Ce montant doit dès lors en fonction des considérations précitées combinées ainsi que des éléments médicaux présents au dossier être justement fixé à la somme de 1 000 €.
Sur les demandes accessoires :
Les dépens :
Aux termes de l’article 696 du code de procédure civile, la partie perdante est condamnée aux dépens, à moins que le juge, par décision motivée, n’en mette la totalité ou une fraction à la charge d’une autre partie.
En l’espèce, la compagnie d’assurance la MATMUT supportera les dépens de l’instance en référé.
L’article 700 du code de procédure civile :
Aux termes de l’article 700 du code de procédure civile, le juge condamne la partie tenue aux dépens ou qui perd son procès à payer à l’autre partie la somme qu’il détermine, au titre des frais exposés et non compris dans les dépens. Dans tous les cas, le juge tient compte de l’équité ou de la situation économique de la partie condamnée.

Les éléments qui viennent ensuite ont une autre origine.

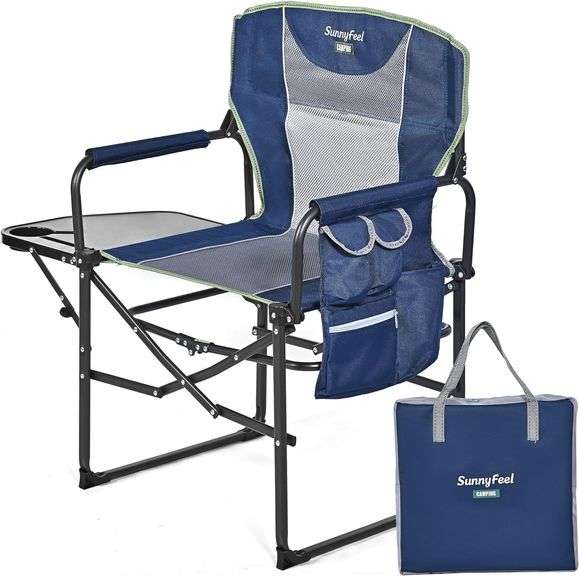 thumbnail image 2 of 500 Lb. Capacity 41" Tall Director's Chair With Side Table - Portable Folding Chair For Makeup Artists & Outdoor Events Directors Chair Camping 2 of 13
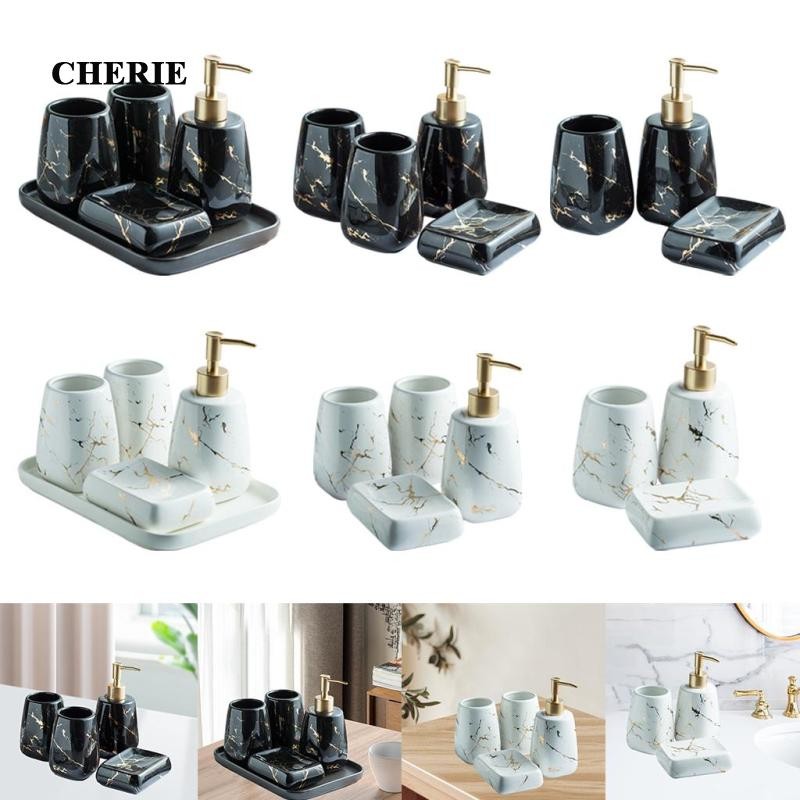 [Chery] ชุดห้องน้ําห้าชิ้นผู้ถือ Tumbler Liquid Marble Dispenser รูปแบบ Zexzen Lotion Collection ชุดถ้วยแปรงสีฟันสําหรับห้องน้ํา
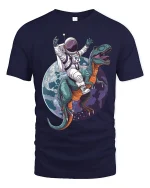 Astronaut Riding Dinosaur Space Adventure Art Tee Funny Sci Fi - navy t-shirt on white background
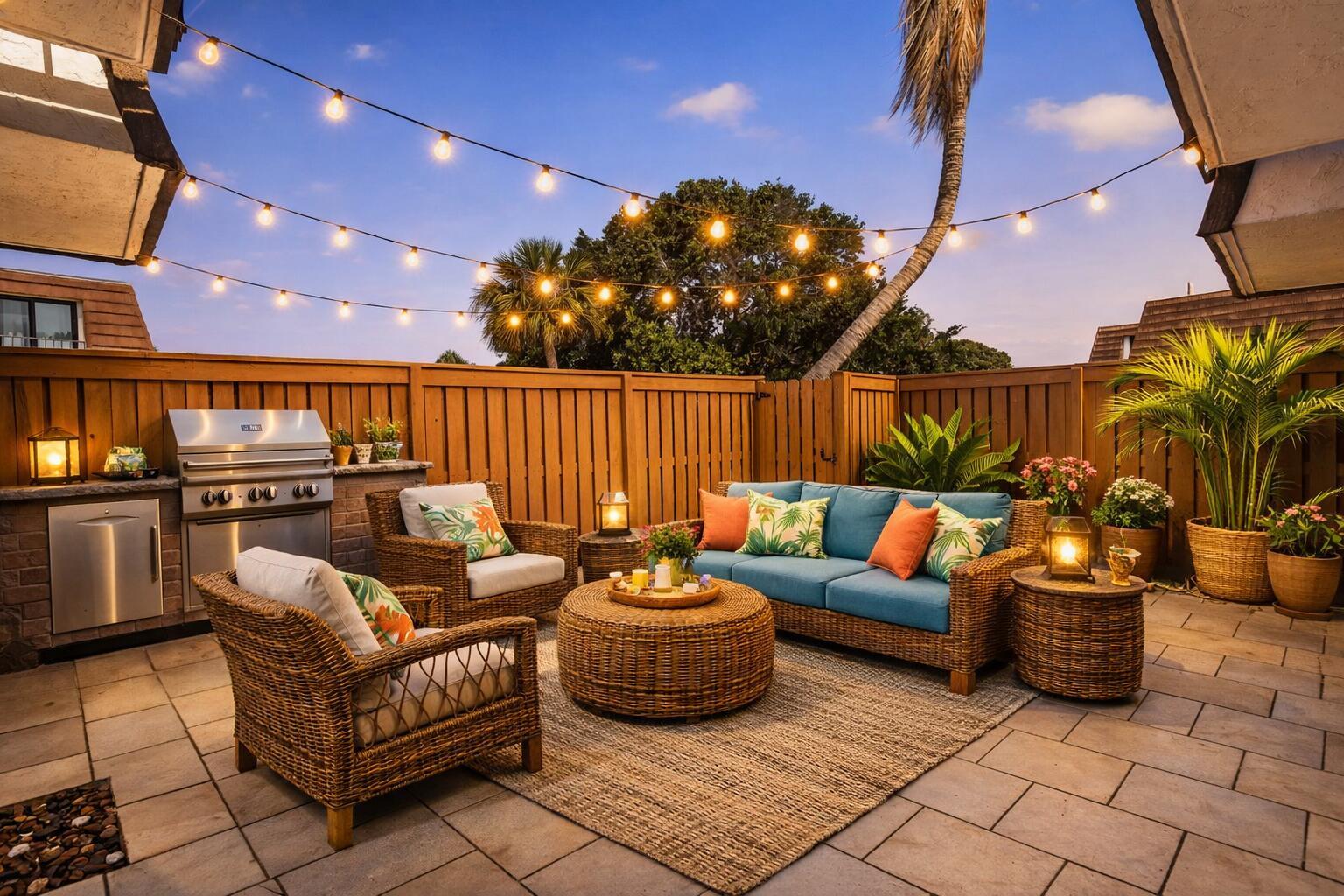 A patio features wicker furniture, a blue sofa, a built-in grill, and string lights overhead — 3900 County Line Road # 21d, Tequesta FL 33469, TEQUESTA, FL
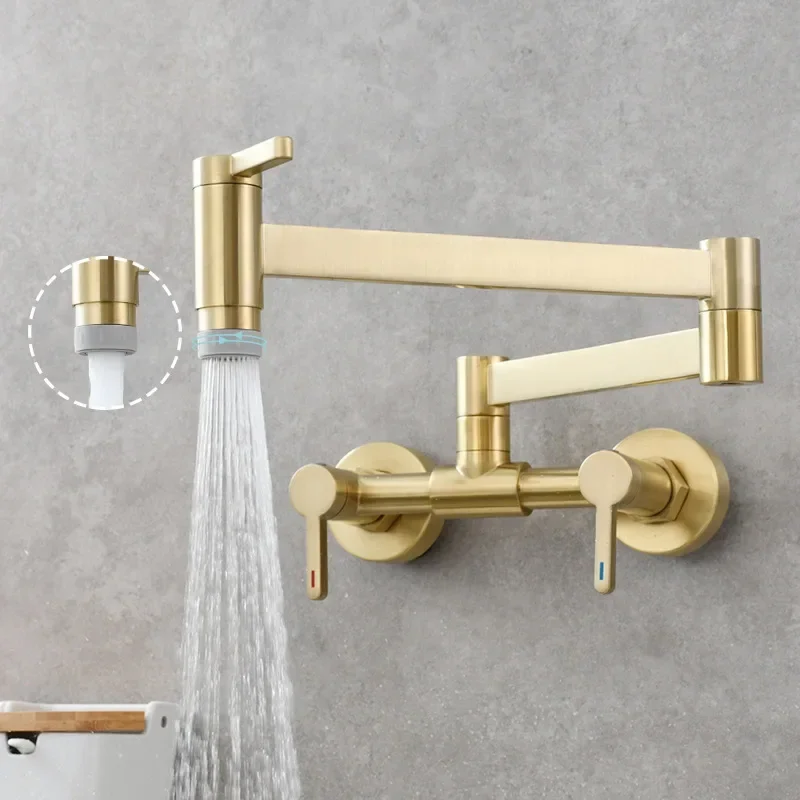 Pot Filler Tap Wall Mounted Foldable Kitchen Faucet Hot and Cold Single Hole Sink Tap Rotate Folding Spout Brushed Gold Brass
Pot Filler Tap Wall Mounted Foldable Kitchen Faucet Hot and Cold Single Hole Sink Tap Rotate Folding Spout Brushed Gold Brass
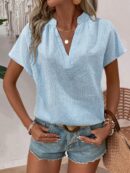 Camisa Veraniega Casual Texturizada con Mangas Murciélago y Cuello Muesca
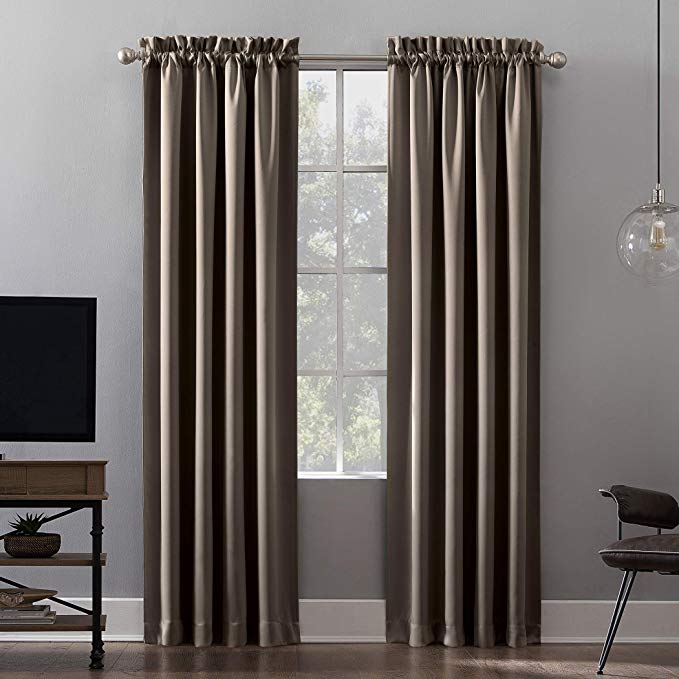 Sun Zero Oslo Theater Grade Extreme 100% Blackout Rod Pocket Curtain Panel, 52" x 63", Mushroom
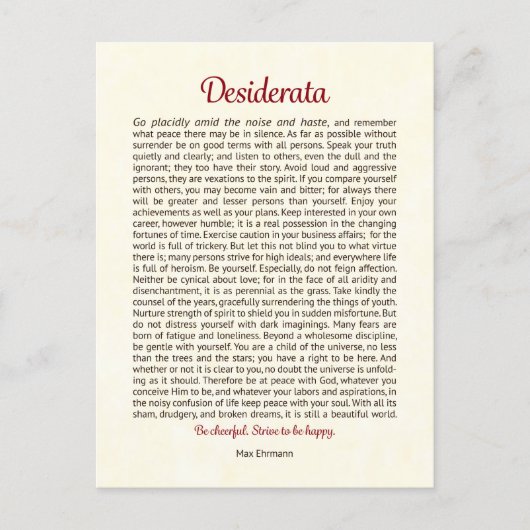 Desiderata briefkaart | Desiderata Mini Kunst (Voorkant)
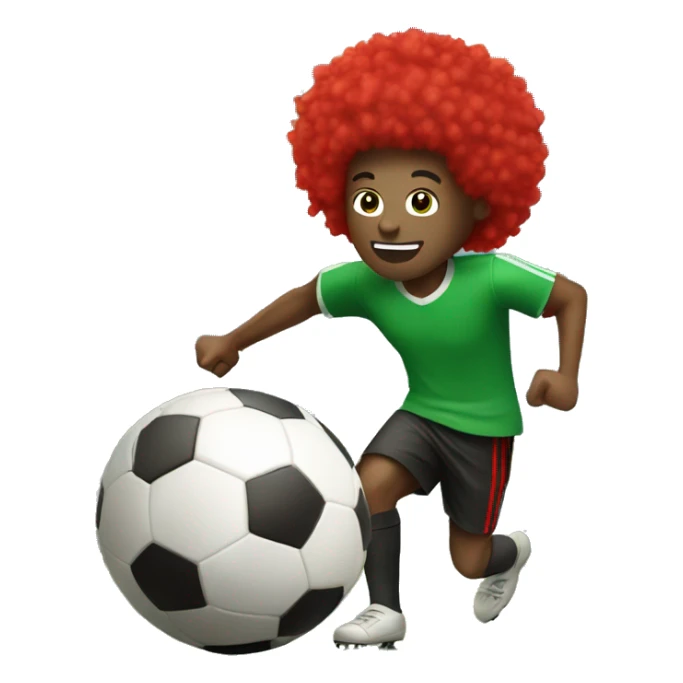 male in green shirt with red afro playing soccer sticker
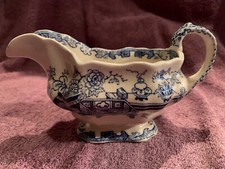 Vintage Ashworth Bros Hanley Blue & White Gravy Boat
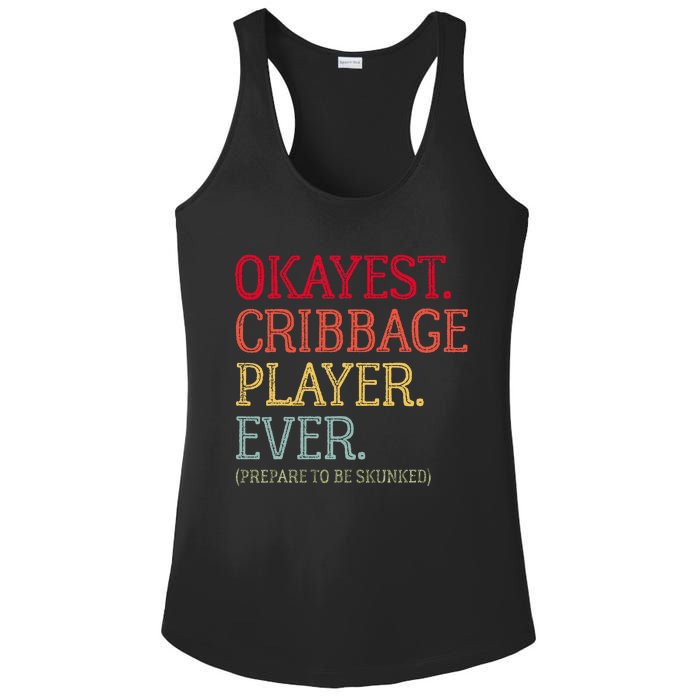 Okayest Cribbage Player Ever Prepare To Be Skunked Ladies PosiCharge Competitor Racerback Tank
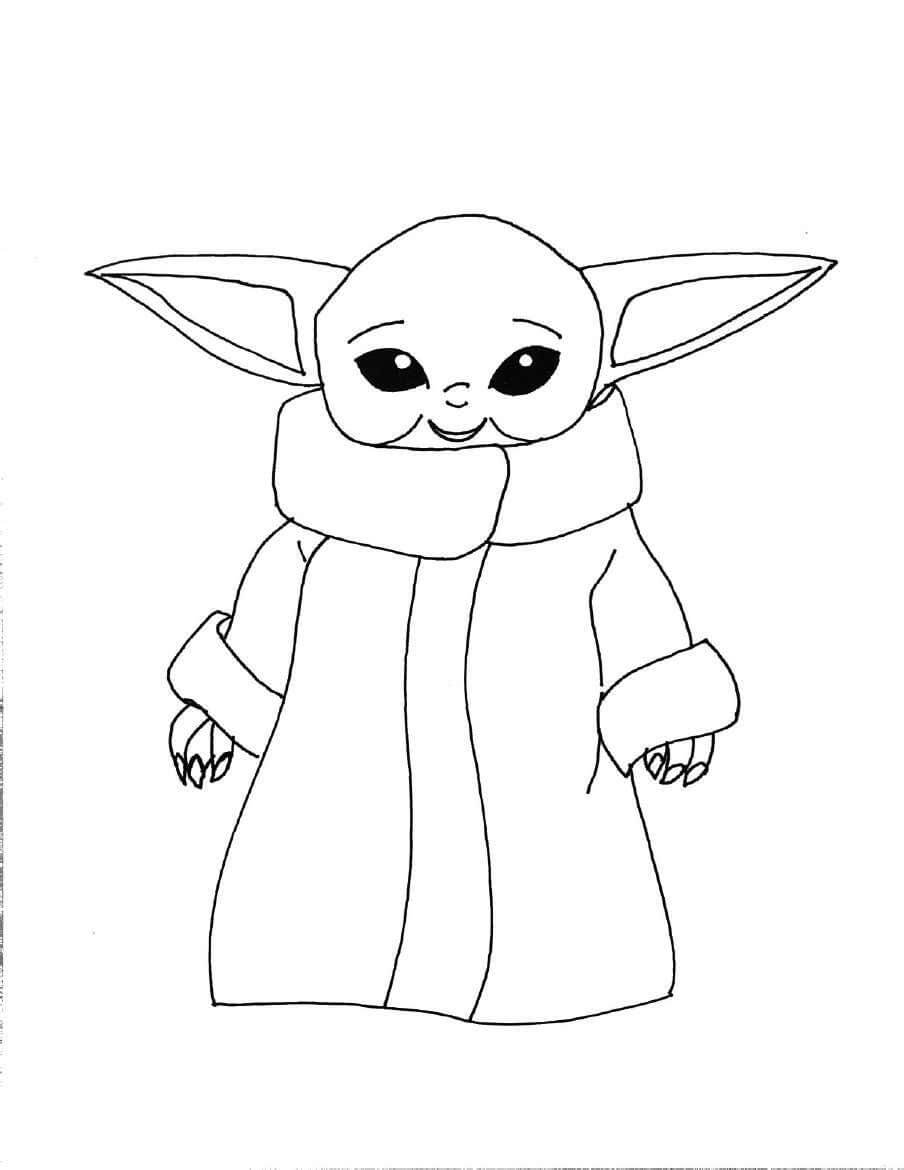 Diversão do bebê Yoda para colorir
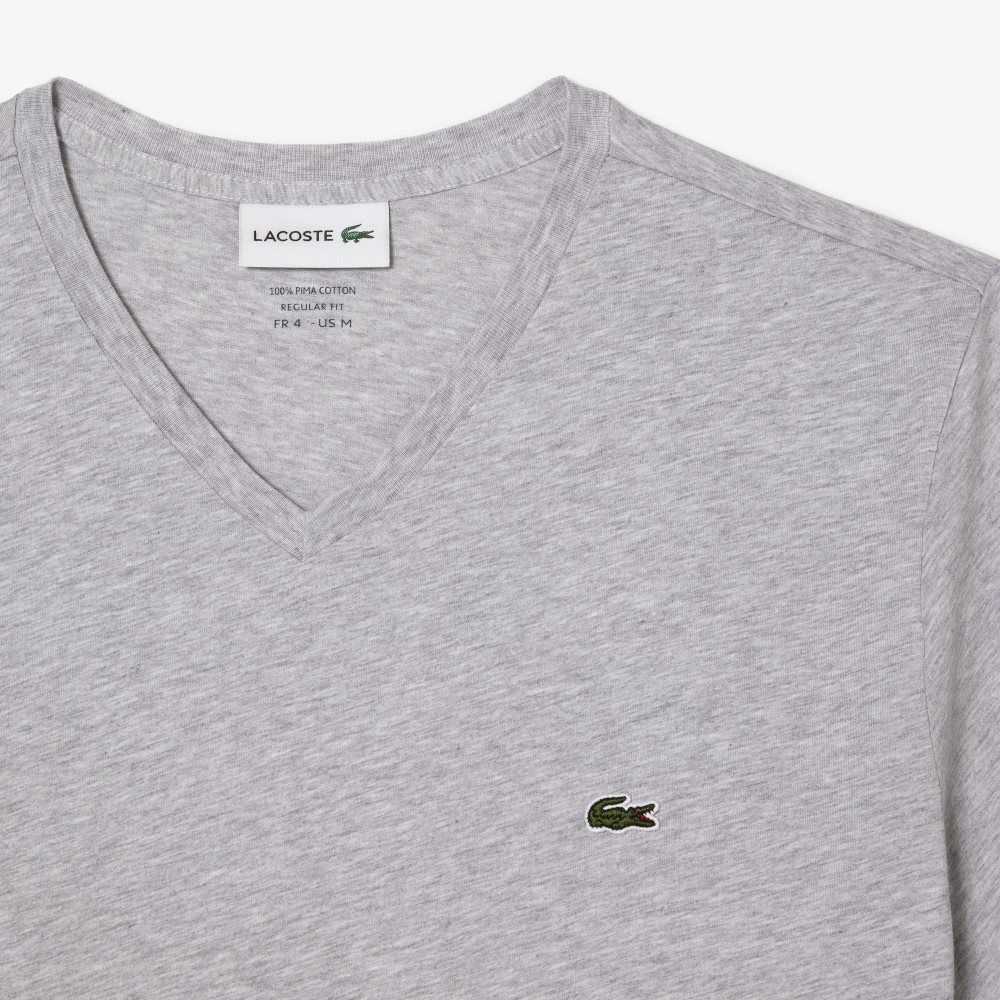 Lacoste V-Neck Pima Algodon Jersey Gris | 9504-ICXET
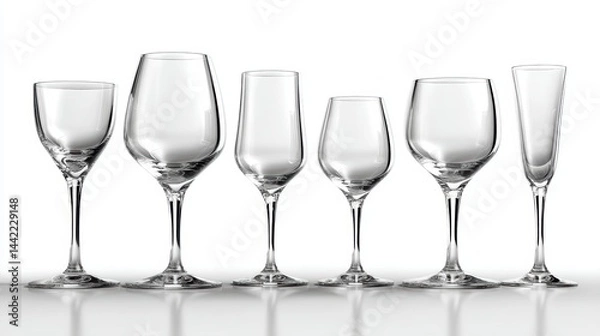Obraz a set of delicate wine glasses on a white isolated background, clear and elegant design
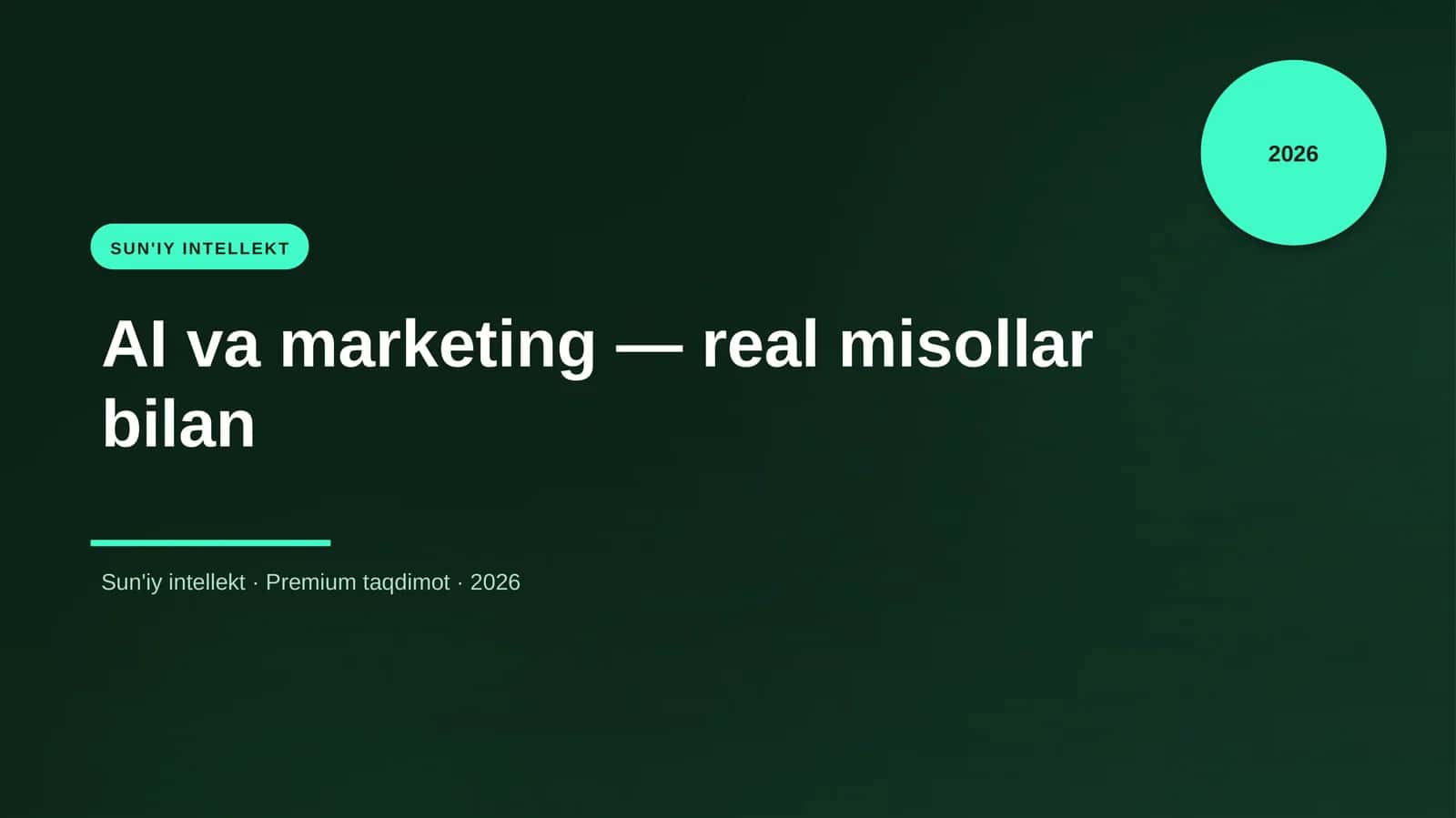 AI va marketing — real misollar bilan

Il peut, même d’office, pour des raisons tirées des mêmes considérations, dire qu’il n’y a pas lieu à ces condamnations.
En l’espèce, il n’y a pas lieu de faire droit à la demande formulée en vertu de l’article 700 du code de procédure civile.
PAR CES MOTIFS, JUGEANT PAR ORDONNANCE PRONONCÉE PAR MISE A DISPOSITION AU GREFFE, RÉPUTÉE CONTRADICTOIRE ET EN PREMIER RESSORT,
CONDAMNONS la compagnie d’assurance la MATMUT à verser à Madame [B] [J] une provision complémentaire de 1 000 € à valoir sur la réparation de son préjudice ;
REJETONS les autres demandes des parties ;
DISONS n’y avoir lieu de faire droit à la demande formulée en application de l’article 700 du Code de procédure civile ;
CONDAMNONS la compagnie d’assurance la MATMUT aux dépens du référé ;
RAPPELONS que la présente ordonnance est, de plein droit, exécutoire par provision.